--- Information shown ---
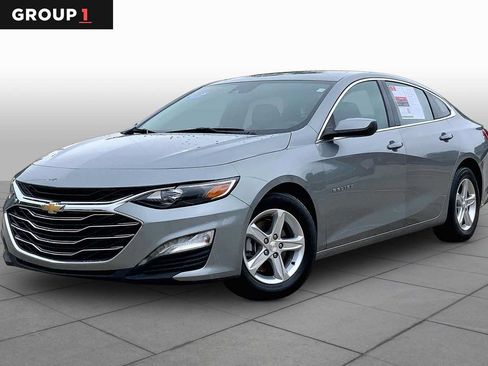 Used 2024 Chevrolet Malibu LT FWD image 1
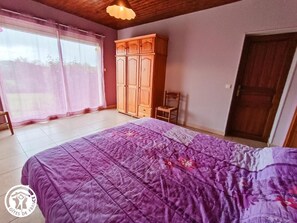 4 bedrooms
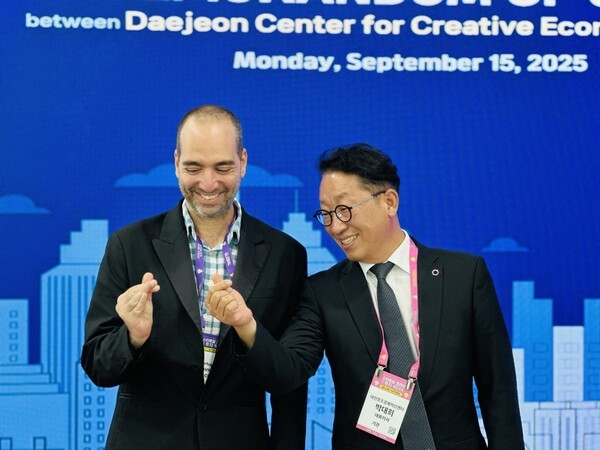 박대희 대전창조경제혁신센터 대표(오른쪽)가 엘리 데이비드 로카(Eli David Rokah) 스타트업 블링크 대표(왼쪽)에게 손하트 하는 방법을 가르쳐 주고 있다. 박 대표는 15일 대전 스타트업 파크 본부에서 글로벌 스타트업 생태계 분석기관 스타트업 블링크(StartupBlink)와 업무협약(MOU)을 체결했다. [사진=굿모닝경제 조준영 기자]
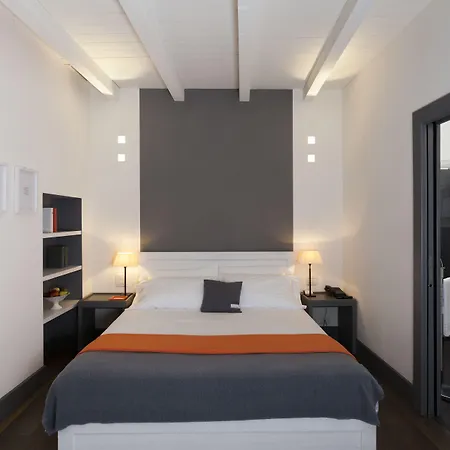 Gombithotel Ξενοδοχείο 4*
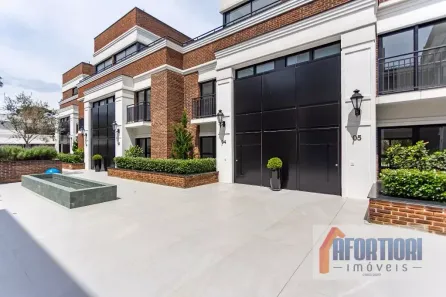 Casa de Condomínio com 3 Quartos à venda, 225m² no Ahú, Curitiba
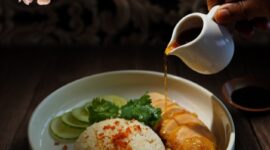 Ayam rebus yang empuk, serta nasi jahe yang harum. Matapedia6.com/ Dok BWP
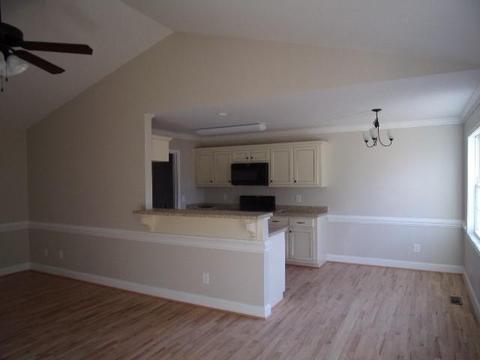 1359 Landsdowne Dr, Conover, NC 28613 photo 6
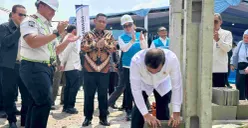 Plt. Bupati Bekasi Asep Surya Atmaja mendampingi Menteri Imigrasi dan Pemasyarakatan, Agus Andrianto, meluncurkan program hunian layak bagi ASN Selasa,  19 Mei 2026. (Sumber: Pemkab Bekasi)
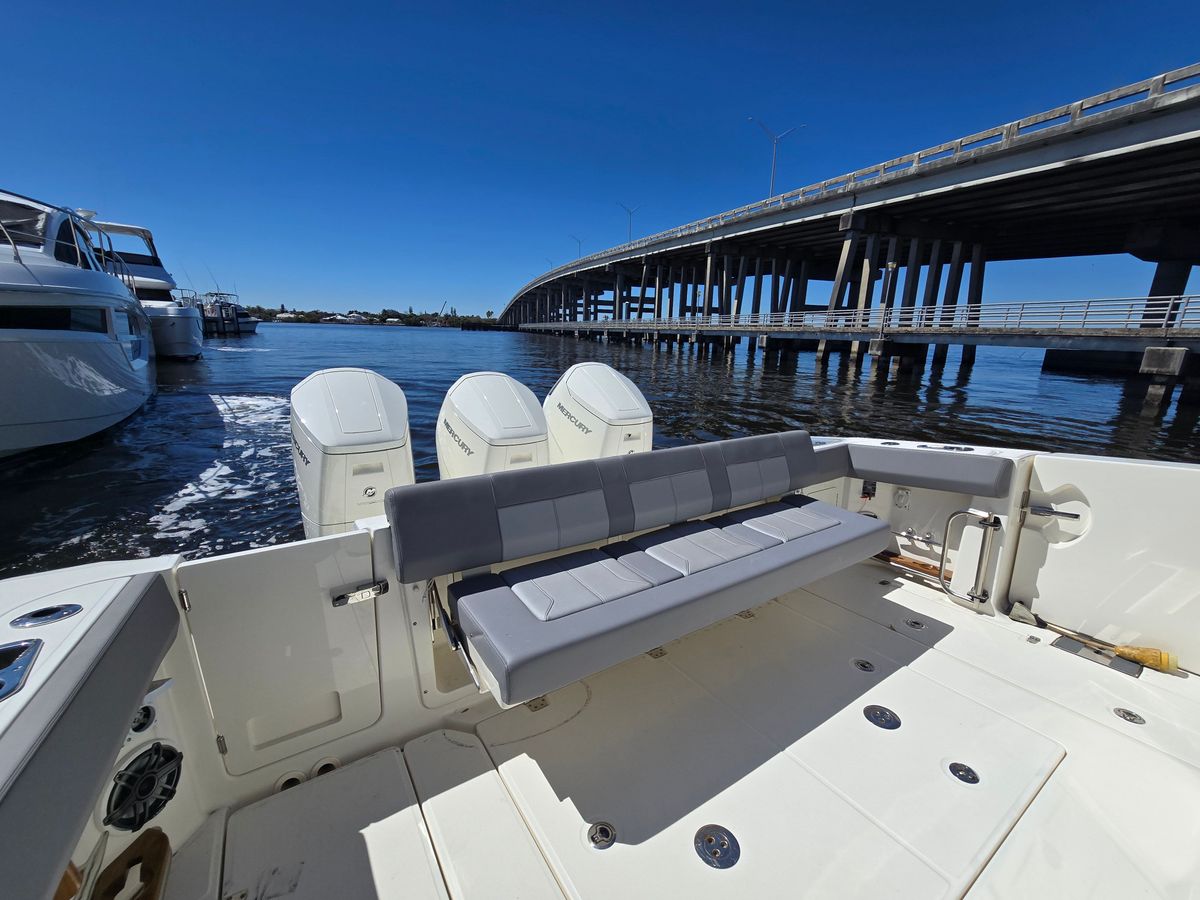 2023 Boston Whaler 42 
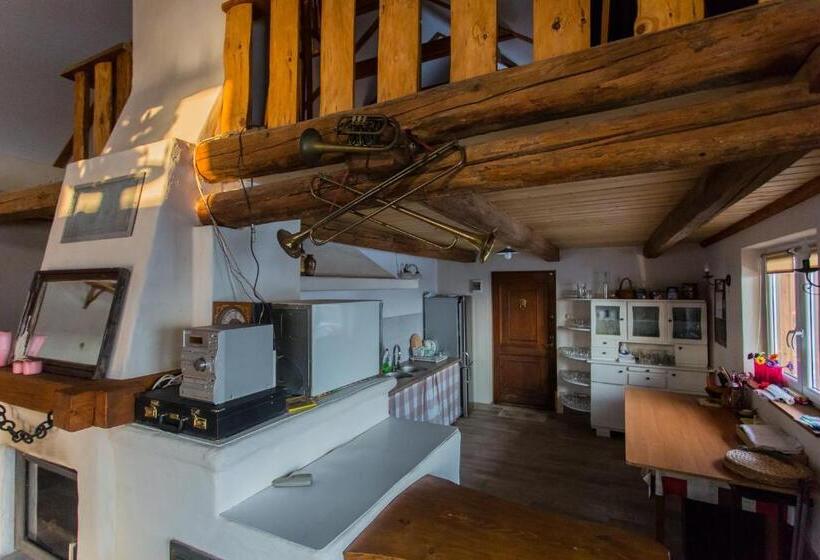 ホテル Agroturystyka Pawlikówka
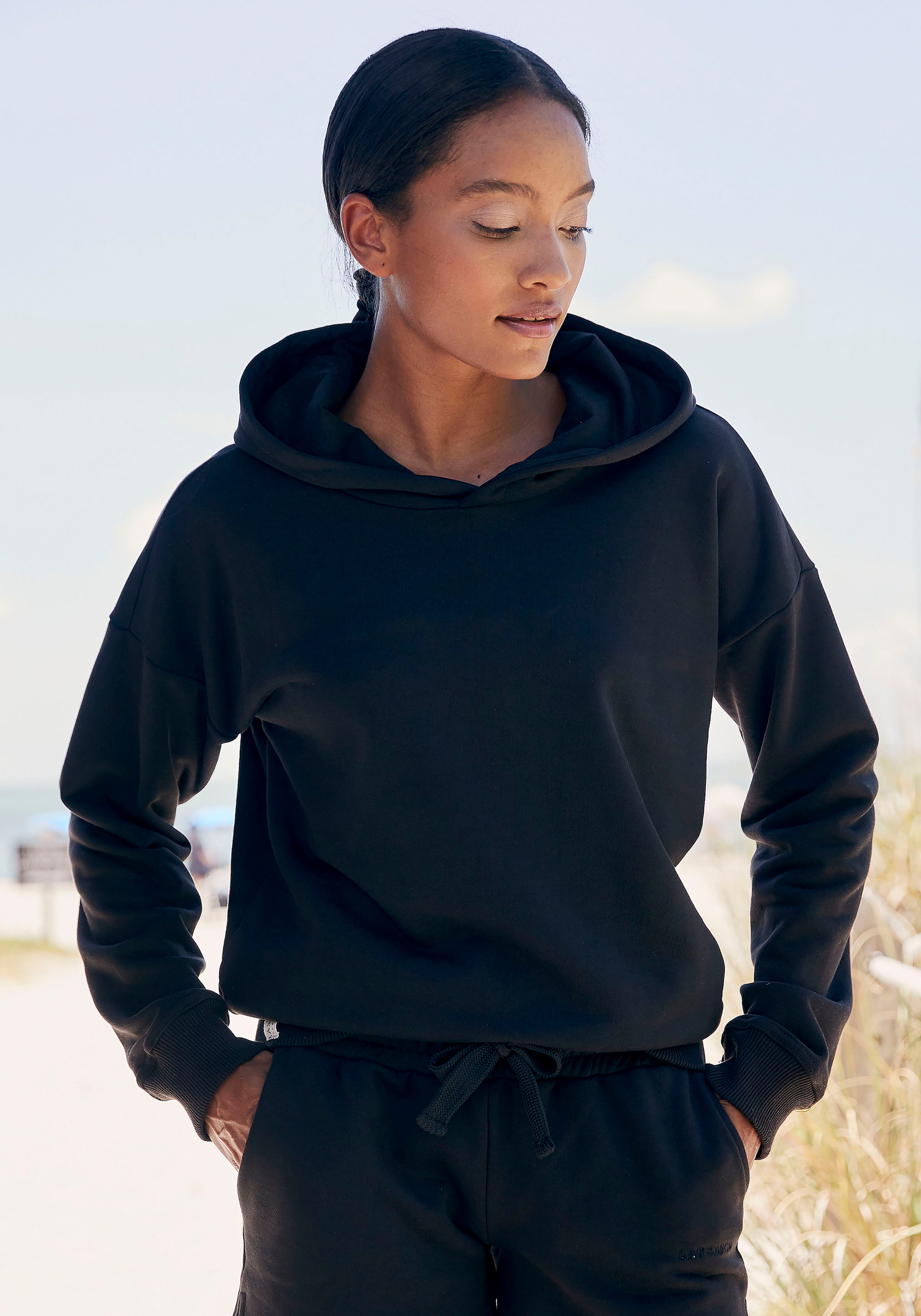 LASCANA Hoodie, aus organischer Baumwolle, Loungewear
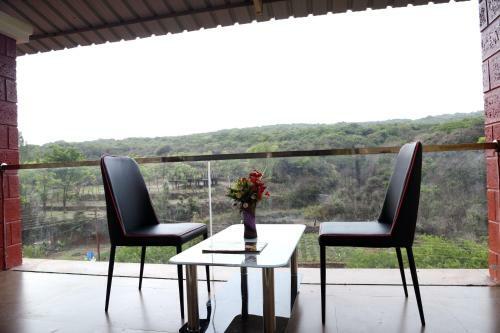 Hotel Stonarc Riverside Resort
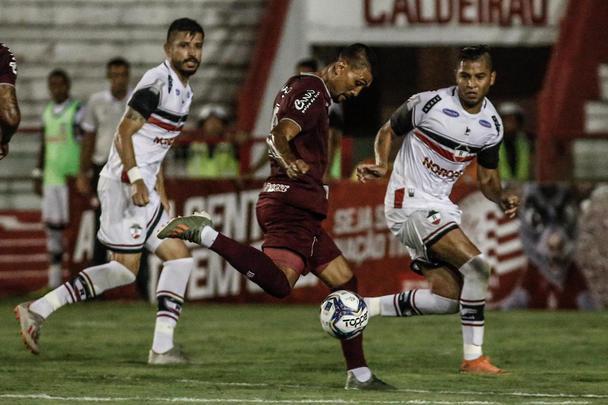 No final, Salatiel errou a cobrança que poderia dar a vitória para o Náutico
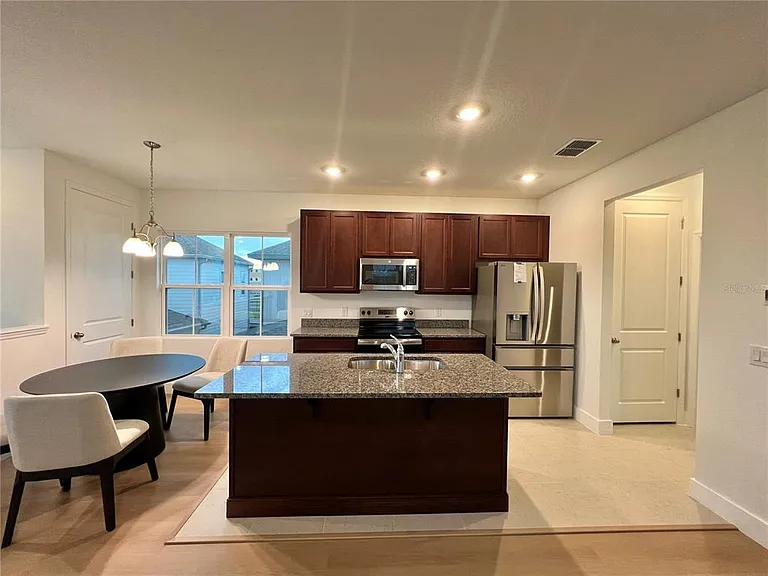 3170 Voyager Ave #1 — Photo 5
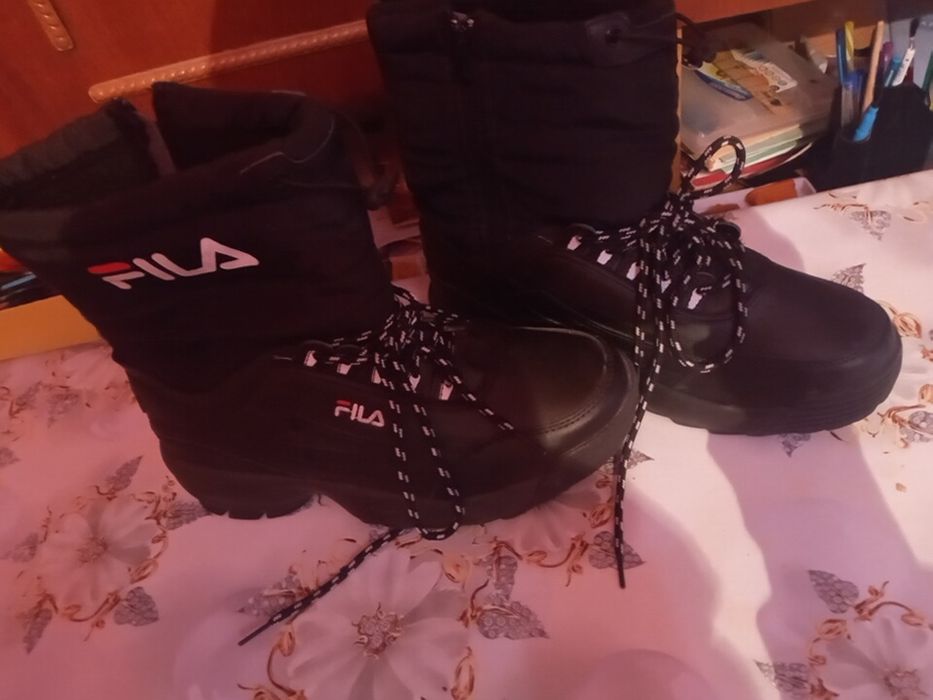 Продам новую обувь сапожки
---
Task requirements:
From the listing above, please give again the lines that begin with the line holding "Gombithotel Ξενοδοχείο 4*" and go on through the line holding "Hotel Stonarc Riverside Resort", exactly, both ends included, minus any picture.

Reply to the task:
 Gombithotel Ξενοδοχείο 4*
 Casa de Condomínio com 3 Quartos à venda, 225m² no Ahú, Curitiba
 Ayam rebus yang empuk, serta nasi jahe yang harum. Matapedia6.com/ Dok BWP
 1359 Landsdowne Dr, Conover, NC 28613 photo 6
 Plt. Bupati Bekasi Asep Surya Atmaja mendampingi Menteri Imigrasi dan Pemasyarakatan, Agus Andrianto, meluncurkan program hunian layak bagi ASN Selasa,  19 Mei 2026. (Sumber: Pemkab Bekasi)
 2023 Boston Whaler 42 
 ホテル Agroturystyka Pawlikówka
 LASCANA Hoodie, aus organischer Baumwolle, Loungewear
 Hotel Stonarc Riverside Resort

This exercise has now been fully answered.